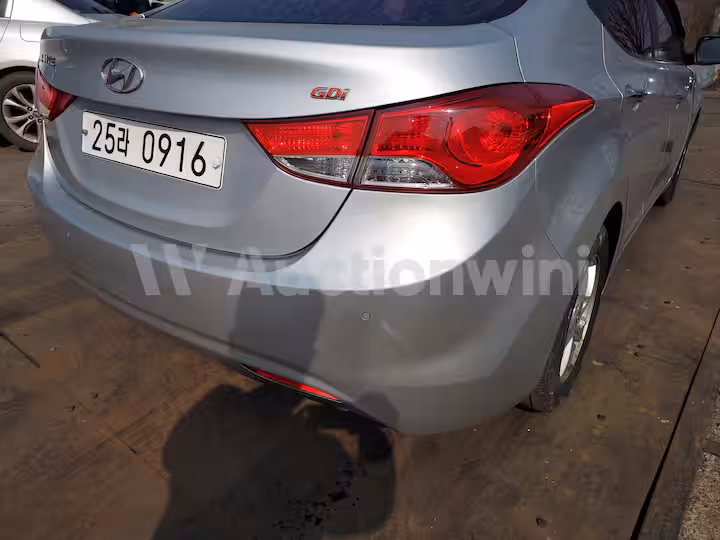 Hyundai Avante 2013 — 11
---
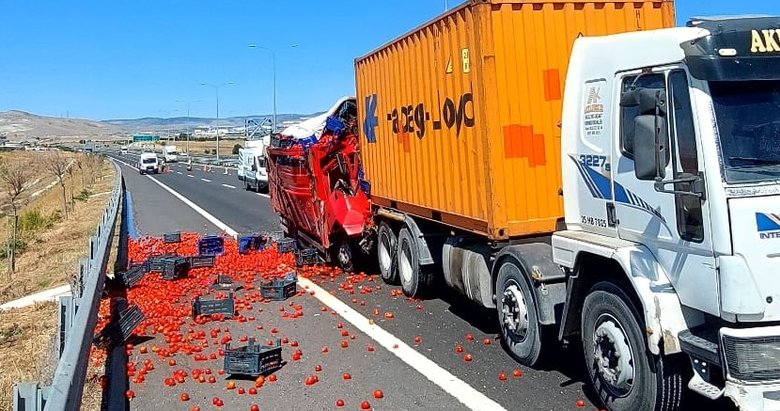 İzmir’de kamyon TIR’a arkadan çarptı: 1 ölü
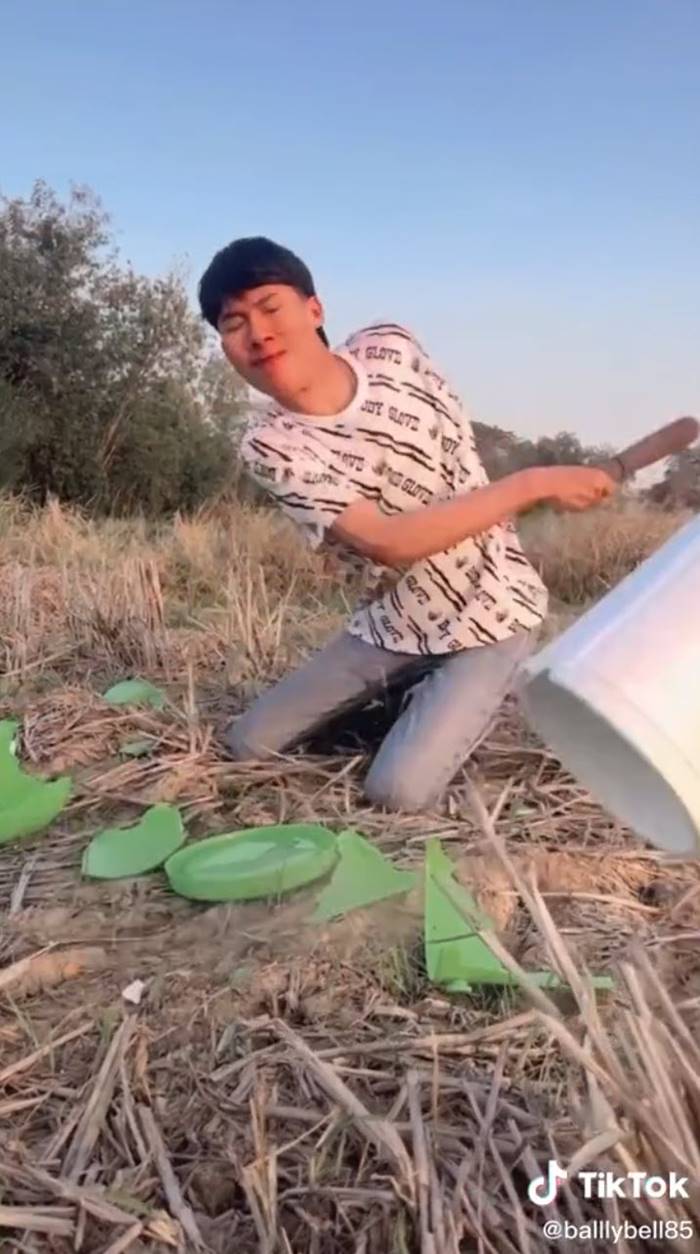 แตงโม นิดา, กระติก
---
→ What the task asks:
Respond with the exact lines above running from the one containing "İzmir’de kamyon TIR’a arkadan çarptı: 1 ölü" to the one containing "แตงโม นิดา, กระติก", both ends kept and no pictures included.

→ Response to the task:
 İzmir’de kamyon TIR’a arkadan çarptı: 1 ölü
 แตงโม นิดา, กระติก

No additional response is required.